In alchemy the green lion devouring the sun is a symbol for sulphuric acid, nitric acid, or hydrochloric acid and its ability to dissolve even ‘the most noble material’—gold. In other words, the green lion signifies a step in the metallurgic transformation process. Each step or transformation is symbolized by an animal (in sequence): black crow, white swan/eagle, green lion, peacock’s tail, unicorn, pelican feeding its young with blood/rooster, phoenix. The transformations in this book hold at the acidic melting point. Images are at once formed and melting, and then transformed and melting, which reminded me of Dalí’s paintings.

Green Lions is derived from a transformation to gold but fails in between. Instead of completing the transformation, the book stalls at the green lion. But because it stalls at the green lion, doesn’t mean that the book stops tumbling into future transformations when the reader closes the cover; rather it keeps transforming with each transmutation and transformation spawning a little genetic twist here and mutation there. However, when the book is picked up again the reader is snapped back to melting/devouring green lion.

These poems are not limited to poetry, nor drawings limited to visual art. I think that Green Lionsbest functions in bleeding across art forms: poems become a play, become a short story, a fiction, a dream, a drawing, a live action, a still life, an installation, etc. The language(s) and fonts create the voices of Zabrisky and Rogghe as lovers, as fishes and snakes, the headless Star card pouring out her heart waters, the Magician – each poem and each drawing mutates into something new and creates a synesthetic experience. To read these poems as poem is a mistake in that the reader’s mind is trapped by genre and other limiting definitions. To read these poems as words that are creating something other than words opens up the entire work to new angles and meanings, which is the way I think that this work was intended: a hugely multifaceted, multigenred piece of art. The words exist as a buoy in the ocean that moves with the swell continuously but never reaches a shore, thus it is and always will be moving slowly and rhythmically.

The illustrations in the book do not give anything away, but rather add to the complexity of the poems as they stretch across the tarot, alchemy, and surreal imagery. Some of the illustrations are clearly derived from specific tarot cards, but most of them are of a more muddy origin, and feel like they were created from the idea of tarot and the idea of alchemy rather than a direct correlation. Zabrisky’s and Rogghe’s poems create a dialogue between two people/characters as they engage with this morphic world of the green lion.
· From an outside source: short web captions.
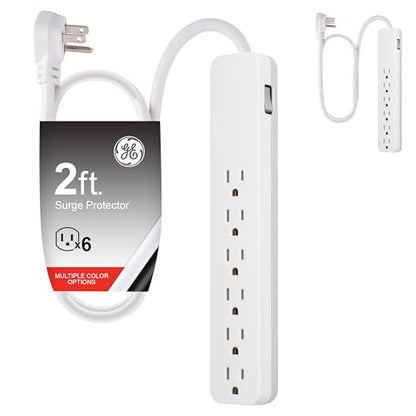 GE 6 Outlet Power Strip 2 Pack, 125 Volts, 15 Amps, 620 Joules Surge Protection, Model 46867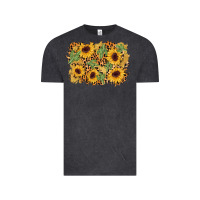 Vintage Black cactus leopard sunflower glitter background Vintage Tee - AdoDesignShop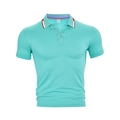 Detail of light blue quick-dry polo shirt with red and white striped collar accent - S / Lake Blue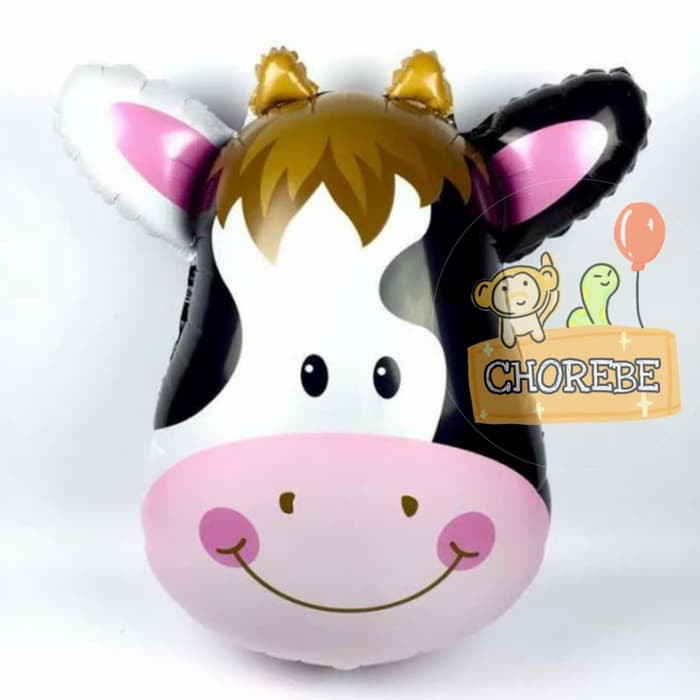 Balon Foil Sapi / Kepala Sapi Lucu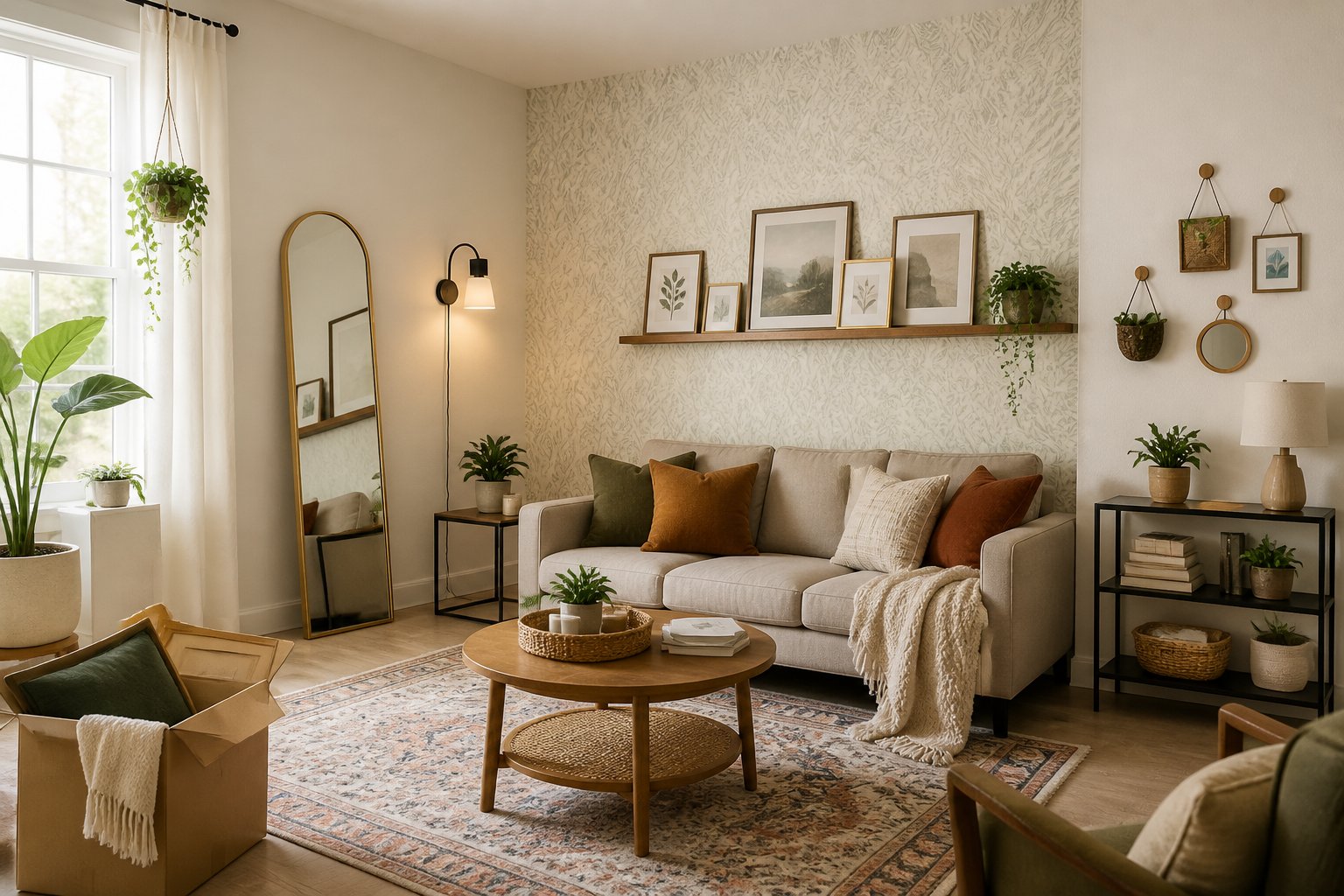 A bright apartment living room featuring removable decor upgrades, plants, artwork, a floor mirror, and a few packed moving boxes.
The language is elastic and filled with multiple meanings, undulating imagery, and the dual voices of Rogghe and Zabrisky. They are also conscious of origin and inspiration recalling Breton, Brancusi, and Magritte with a poem titled “Equestrian Seduction Duet (This Poem Is Not About Horses).” Many of the poems are duets that play out like conversations adding to the idea of performativity and theatre. The writing itself feels spontaneous and is filled with dreamlike imagery but remains highly conscious of itself with multiple poems referring to poems or poetry. At first the self-reference was somewhat irritating, but then I think that these poems and this book are investigations into literature and art. Investigations into surrealism, performance, and theatre.

Although Green Lions feels rather unfinished to me, I do not think that there could be any way to neatly wrap up an investigation into art. Rather, I feel that this book is more of a jumping off point into the depths of collaborative and limitless art forms.

*Kim Koga is a writer and editor. Her work has been published in _list, 1913, Lantern Review. and Ariel. Tinfish Press published her chapbook Ligature Strain in 2011. She currently resides in San Diego, CA.